Les chercheurs ont mis en lumière des différences entre les cerveaux des diplomates ayant souffert de divers maux à Cuba (problèmes d’équilibre, vertiges, anxiété...) et ceux d'un groupe témoin. Les chercheurs ont mis en lumière des différences entre les cerveaux des diplomates ayant souffert de divers maux à Cuba (problèmes d’équilibre, vertiges, anxiété...) et ceux d'un groupe témoin.[ADALBERTO ROQUE / AFP ]

Les cerveaux d'une quarantaine de diplomates américains, victimes de phénomènes mystérieux à Cuba, «ont subi quelque chose», selon une étude réalisée à la demande du gouvernement des Etats-Unis et parue mardi 23 juillet.

Les résultats des analyses par imagerie médicale montrent des différences entre les cerveaux de ces diplomates et ceux d'un groupe témoin : un volume de matière blanche moins important, des disparités au niveau du cervelet (la partie qui contrôle les mouvements), ou encore une connectivité plus faible des neurones dans les zones qui contrôlent l'ouïe et la vision. 

Entre fin 2016 et mai 2018, ces diplomates américains, en poste à La Havane - la capitale de Cuba -, ainsi que des membres de leurs familles, ont souffert de divers maux, comme des problèmes d'équilibre et de vertige, de coordination, de mouvement des yeux, ainsi que de l'anxiété, de l'irritabilité et ce que des victimes ont appelé un «brouillard cognitif».

«Un vrai mystère médical»

L'étude, publiée mardi par le Journal de l'Académie américaine de médecine (Jama) et menée par des professeurs et médecins de l'université de Pennsylvanie, ne permet cependant pas de dégager une cause à ces symptômes. «C'est assez étrange. C’est un vrai mystère médical», a confié au Time Ragini Verma, professeure de radiologie à l'université de Pennsylvanie et principale auteure de l'étude.

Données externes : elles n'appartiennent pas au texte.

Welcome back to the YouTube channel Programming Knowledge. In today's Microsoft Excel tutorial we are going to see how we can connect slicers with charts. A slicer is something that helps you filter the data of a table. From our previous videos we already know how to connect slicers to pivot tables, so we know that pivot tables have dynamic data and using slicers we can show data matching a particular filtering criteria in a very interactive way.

De nombreuses théories sur la nature du phénomène ont fleuri depuis que cette affaire a été rendue publique. En août 2017, les autorités américaines ont dénoncé des «attaques acoustiques». Au début de l'année, des biologistes ont affirmé qu'il s'agissait en fait seulement du chant produit par des grillons pendant la période d’accouplement. De son côté, Cuba a toujours rejeté toute responsabilité.

Cette affaire a pris une telle ampleur qu'elle avait provoqué une crise diplomatique entre Washington et La Havane en 2017. Cette année-là, l’administration américaine avait en effet décidé de retirer plus de la moitié de son personnel diplomatique à Cuba, suspendu ses activités consulaires dans la capitale cubaine et ordonné l’expulsion de 15 diplomates cubains du territoire américain.